What Are You Crying For         Tesilya Hanauer                                                                 Page  2

 
          I let go of my grip on her neck, but stayed close to her face. I could see the bones sticking out beneath her cheeks. She whistled and waved her arm at the rock behind her. I looked back to see our dog Rambo, slowly uncurl from the spot on the ground where he’d been sleeping. I remembered how much I wanted him last night, wanted him to sleep beside me and keep me warm with his thick fur. But now I wasn’t even excited. He trotted over and nuzzled my side, his slobber getting on my hand. I pulled my hand away and wiped it on my shirt, then patted his head.

            “How did you know where to find me?” I asked Rambo. I knew he couldn’t answer, but I couldn’t understand how they knew where I was. “How did you find me,” I asked Gujari, so happy to be found that I didn’t really care that much. They were there and the night was over.

            “I’ve been here the whole time!’ she said, as if it were a surprise I would be happy about.

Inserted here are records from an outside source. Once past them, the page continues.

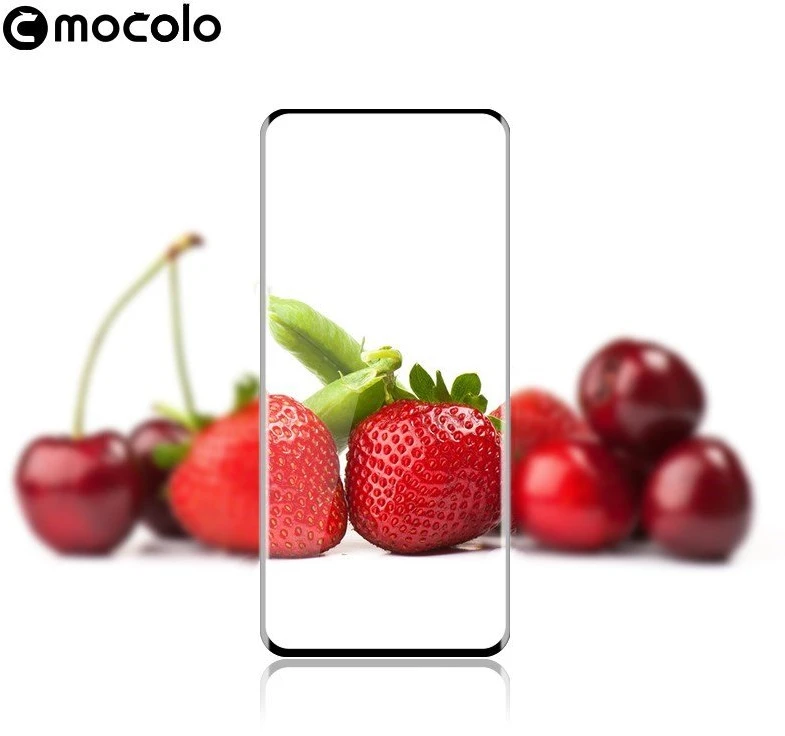 Mocolo 2.5D Full Glue Glass - Apsauginis stiklas skirtas OPPO A15S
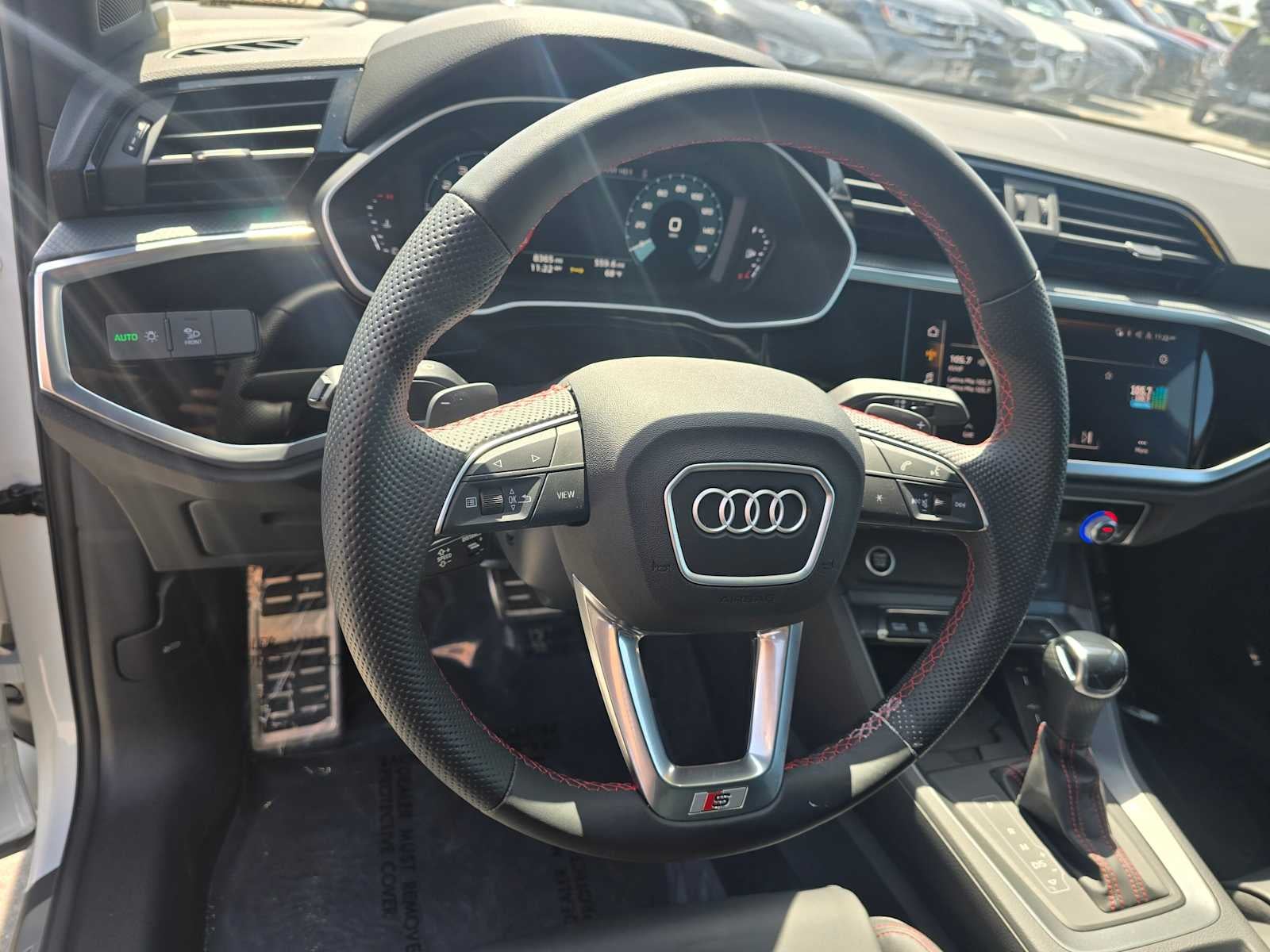 2025 Audi Q3 S line Premium Plus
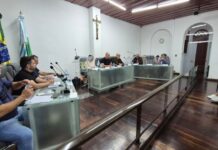 CÂMARA DE PALMEIRA APROVA 12 PROJETOS EM SEGUNDO TURNO DURANTE SESSÃO DESTA TERÇA-FEIRA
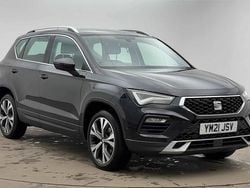 Used 2024 Seat Ateca SE Technology SUV | £13,995 (Super price)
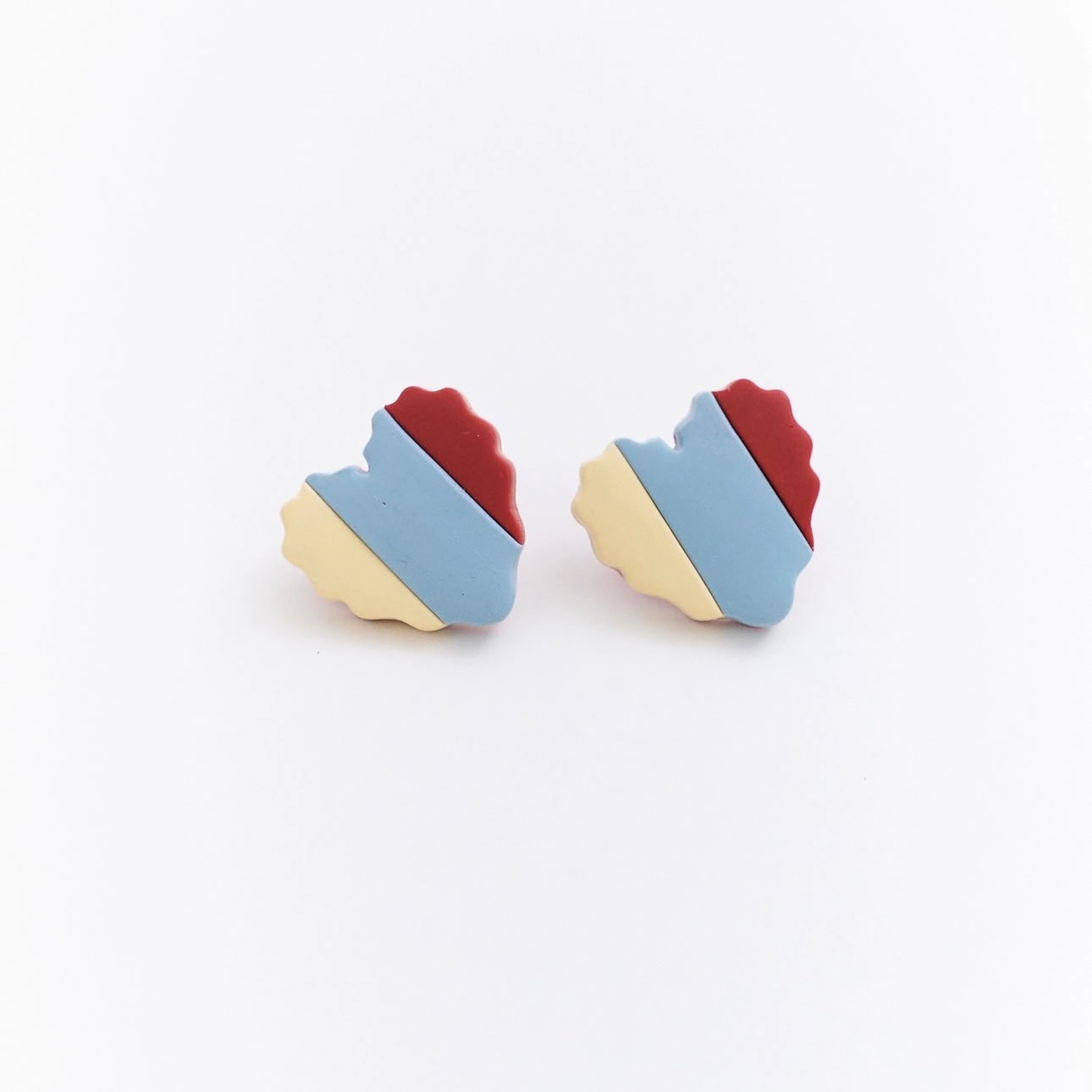 Aretes Un solo Cora - imagen 1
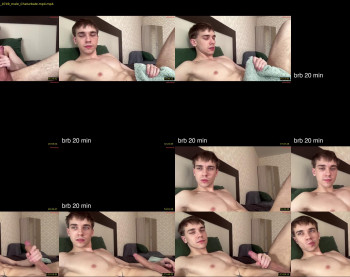 damondurden — 92 minute Chaturbate male cam show recording, 720p, Jul 5, 2024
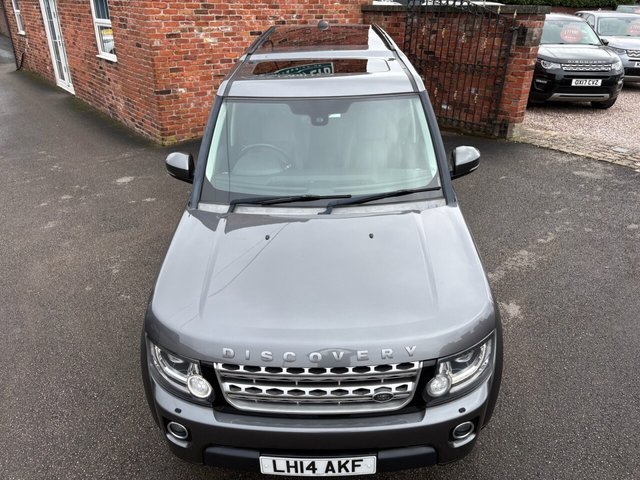 2014 Land Rover Discovery 4 3L Hse 5dr - Photo 10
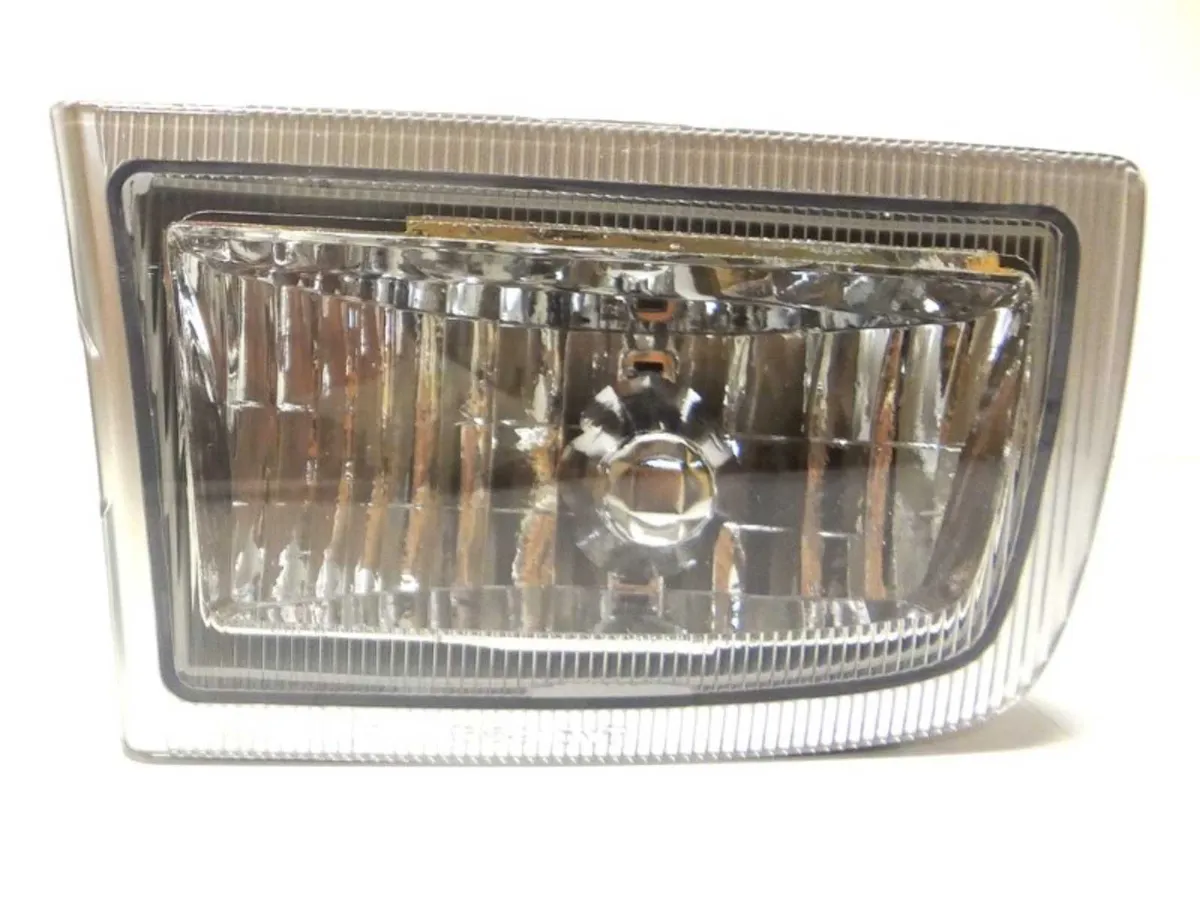 Toyota Landcruiser 1996-2003 Front Fog Lamps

            “Here behind the rock?”

            “No, silly. I was up there on the mountain with you.”

            “But I couldn’t see you. I was all by myself.”

            “That’s what you think!” she said. I looked at her confused. Then, in her smile I saw that she had known that I was up there all alone the whole time. And she hadn’t helped me. She let me spend the night alone and just watched. Where she had been?  Behind a tree? I started to cry again.

“You played a trick on me,” I said through my tears. “You knew I was up there all by myself and you didn’t come get me.”

            “Oh, you didn’t need me to save you.” Her face was sharper, not the soft, round face from before. Everything about her was harder. She looked like all the other Shivalila women with their short hair and plain brown clothes that hung on her body like bags.

“But I didn’t like it. I was all alone. And you knew I was alone, and you didn’t come.”

            “And did anything bad happen to you? No. You were fine.”

            “No I wasn’t,” I cried. I pulled away from her. I didn’t want to touch her anymore. She wasn’t nice. She was mean and laughing and making fun of me. She didn’t care that I was scared. I thought I was really alone when all along she was there. I thought it was something really dangerous but it was just play dangerous because she had been there to watch me. I stood up and stomped away. Rambo stayed for a second to see if Gujari would follow. When she did, he walked between us down the trail.

            “Oh come on, Tasaday,” she shouted after me. But I just kept walking.